Sensory Cities International Network (2015-2017, funded by AHRC)

Between 2015-2017 I ran (PI) an international AHRC network: 
“Sensory Cities: researching, representing and curating sensory-emotional landscapes of urban environments”
which brought together city museum curators, urban branding experts, activists and urban planners to develop new methodologies to capture the sense of place of cities and the ways in which urban environments are stratified by power relations.

AHRC award: AH/M006379/1


Architectural atmospheres, branding and the social (2011-13, funded by ESRC)

The project Architectural atmospheres, branding and the social which I began in 2011 (with Prof G. Rose and Dr Clare Melhuish), was a two-year ethnographic study of architectural studios exploring how digital visualization processes and technologies operate within the architecture and urban design profession, shape new kinds of architectural work practices and envision particular forms of future social life in the city of Doha, Qatar. As part of the project we curated a two week exhibition in August 2013 at the Building Centre, London as well as an international workshop: Visualising Atmospheres.

ESRC award: RES-062-23-3305


Urban Aesthetics: a comparison of experiences in Milton Keynes and Bedford town centres (2007-2009, funded by ESRC)

The project Urban Aesthetics that I developed with Prof Gillian Rose explored new methods to research how people experience two very different town centres (Milton Keynes and Bedford), highlighting the role of memory in urban experiences.

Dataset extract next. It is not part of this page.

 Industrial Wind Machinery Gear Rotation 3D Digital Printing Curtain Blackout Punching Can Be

ESRC grant RES-062-23-0223 


Sensing Cities: Regenerating public life in Barcelona and Manchester (1997-2001, funded by ESRC)

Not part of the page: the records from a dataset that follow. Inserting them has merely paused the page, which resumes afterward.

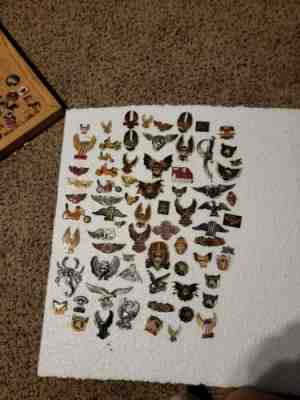 Lot Of 73 Vintage Harley Davidson Indian motorcycle Hat Jacket Pins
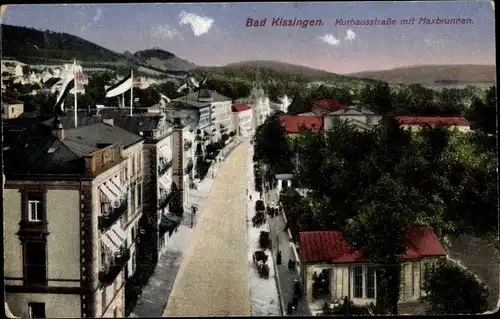 Ak Bad Kissingen Unterfranken Bayern, Kurhausstraße mit Maxbrunnen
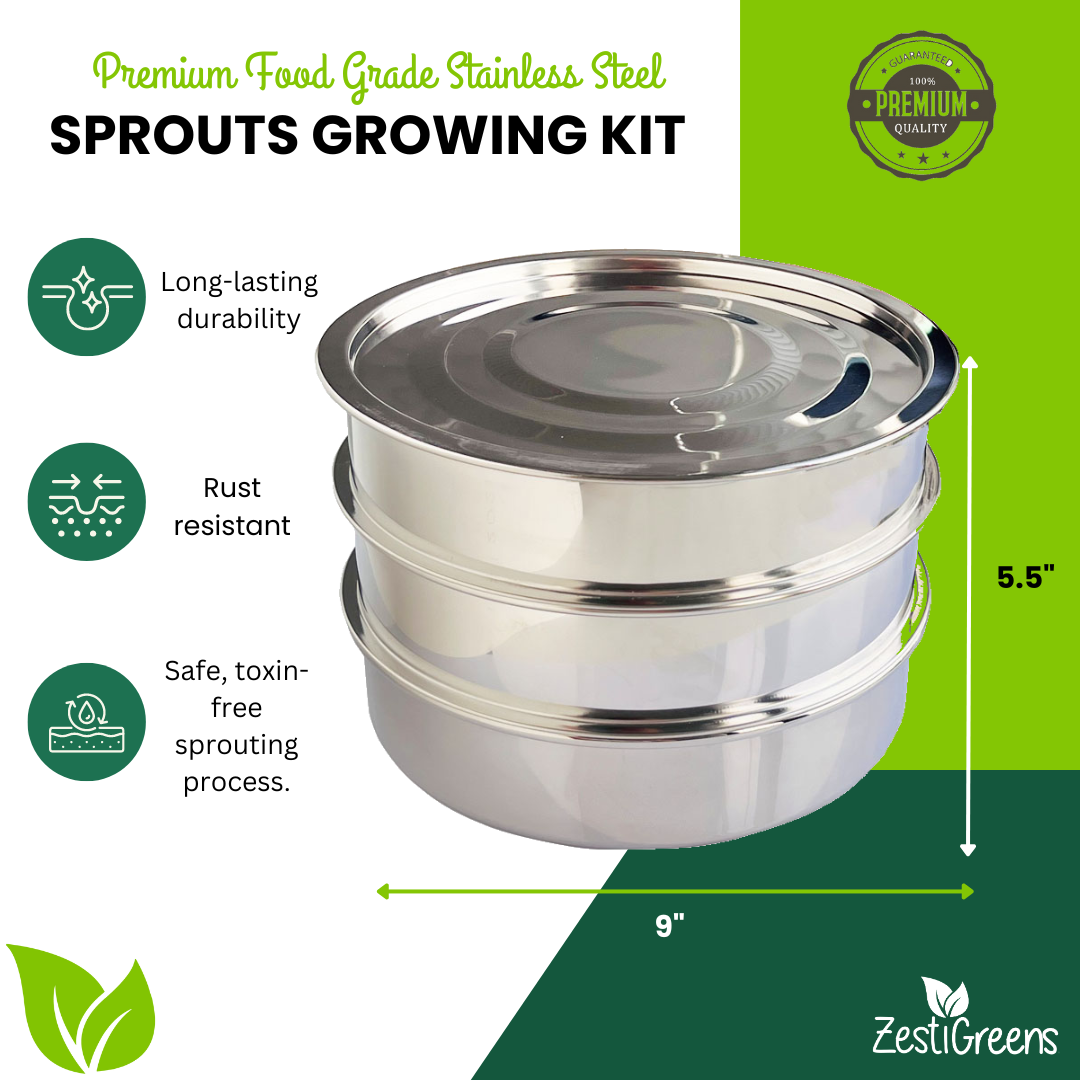 ZestiGreens Stainless Steel Seed Sprouter Kit – 3-Tier Stackable Sprouting Trays with Dual Mesh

My PhD project was my first large piece of research. Over 5 years I investigated for the first time and from a comparative perspective the regeneration of two neighbourhoods in Barcelona and Manchester through the prism of the senses focusing on how this changed their public space and life. I argued that as cities globally re-design their urban landscapes, they produce a different urban aesthetic and create new experiential milieus. Urban regeneration processes generate radical physical, social and cultural changes in neighbourhoods that demand new conceptual frameworks to address their impact upon daily urban life.

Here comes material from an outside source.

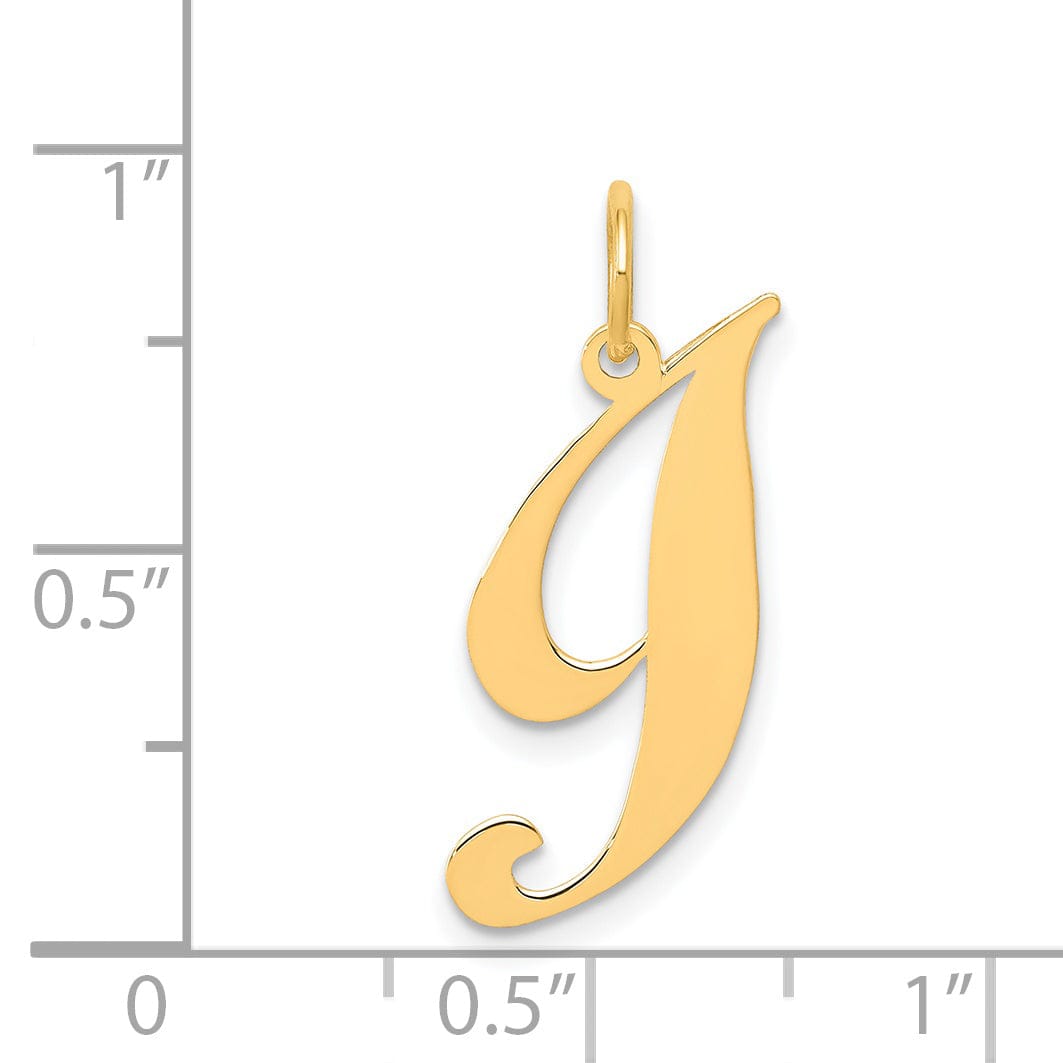 14K Yellow Gold Small Size Fancy Script Letter I Initial Pendant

My research explored how the increased stylization of cityscapes requires an understanding of public life as a spatial-sensuous encounter and examined how power relations in public spaces are embedded in, exercised and resisted through the sensuous geography of place. This sensory paradigm is then applied to compare two emblematic regeneration projects, namely el Raval in Barcelona and Castlefield in Manchester. By combining detailed ethnographic analysis and interviews with those involved in planning regeneration processes and those experiencing them, the book argues that a changing sensuous landscape is crucial in redefining people’s social practices, attachments and experiences in places Ultimately, Sensing Cities examined how urban regeneration is made effective through the organisation of sensory experience.